Por otra parte, tanto el actual estallido como todas las protestas y movilizaciones anteriores dejan en claro que el malestar social y el repudio al neoliberalismo no tienen por qué ser patrimonio exclusivo de los sectores materialmente más golpeados por él. Hay otras actorías, otras identidades y otras luchas que no se remiten prioritariamente a la estructura de clases ni a la explotación económica, sino a referencias étnico-culturales, relaciones de género, reivindicaciones territoriales y defensa medioambiental.  Obviamente, una nueva propuesta izquierdista debe también incorporar esas demandas, como en alguna medida ya lo ha venido haciendo. De igual forma, debe incorporar a esas “nuevas” clases medias que por mucho tiempo se han pensado preferencialmente seducidas por el patrón consumista y los llamados al emprendimiento, pero que ahora también se han hecho parte de la desafección política y la rebeldía social. También a ellas hay que conocerlas mejor en sus realidades, angustias y proyecciones, porque ellas también son parte de ese “nuevo pueblo” en construcción.

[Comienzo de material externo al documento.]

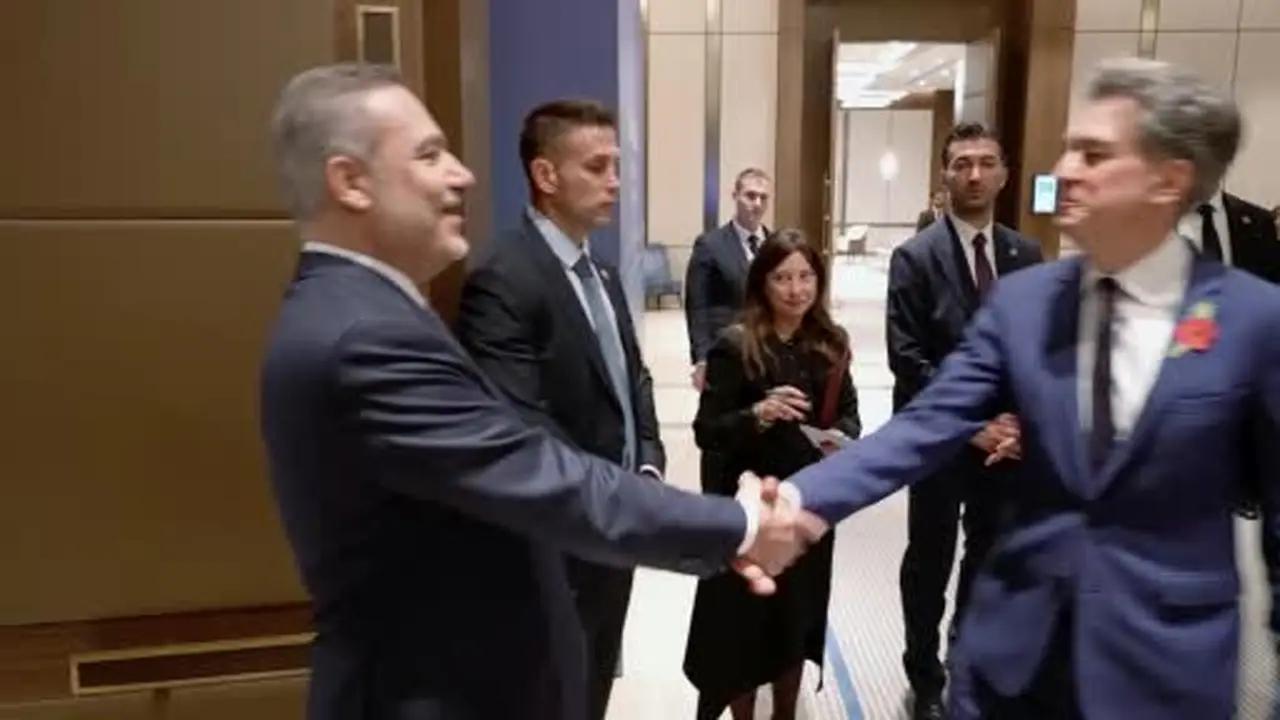 Bakan Hakan Fidan, İngiliz mevkidaşı Miliband ile İstanbul’da görüştü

Lo que se necesita entonces es una nueva izquierda para ese nuevo pueblo. Una izquierda que parta, como debe ser, de una caracterización precisa y actualizada de un cuerpo social que ha cambiado mucho en las últimas décadas, y que a partir de allí estructure un programa que efectivamente recoja las necesidades y los sentires de ese nuevo pueblo. Solo en la medida en que lo logre, ese nuevo pueblo se apropiará de dicho programa, lo hará parte de sus vidas, y se comprometerá con su realización, como en su momento lo hizo con el programa de la Unidad Popular. Por lo visto durante estos días, ese programa podría incluir como mínimo una revalorización de los derechos humanos fundamentales, tan flagrantemente transgredidos por un gobierno que se decía parte de una nueva derecha que jamás repetiría las atrocidades de la dictadura. Debería incluir también una recuperación de todos los derechos sociales (a la educación, a la salud, a la vivienda, a pensiones dignas, al acceso a bienes fundamentales como el agua, a vivir en un ambiente libre de contaminación, etc.) que este modelo ha transformado en mercancías. Debería incluir el ejercicio de la soberanía de todas las personas sobre sus propias vidas, lo que conlleva hacerse parte, mediante el restablecimiento de una verdadera praxis democrática, de los procesos de toma de decisiones actualmente hipotecados a una visión tecnocrática de la política. Y debería incluir, finalmente, la restitución de una noción de sociedad como espacio de convivencia y protagonismos compartidos de todas y todos sus integrantes, concebidos no como átomos que compiten entre sí por alcanzar fines particulares, sino como partes de un colectivo que vive y crece en conjunto.  Se recuperarían así las más valiosas tradiciones de nuestra Izquierda histórica, pero poniéndolas en sintonía con una nueva sociedad, un nuevo ciclo histórico, y un nuevo pueblo.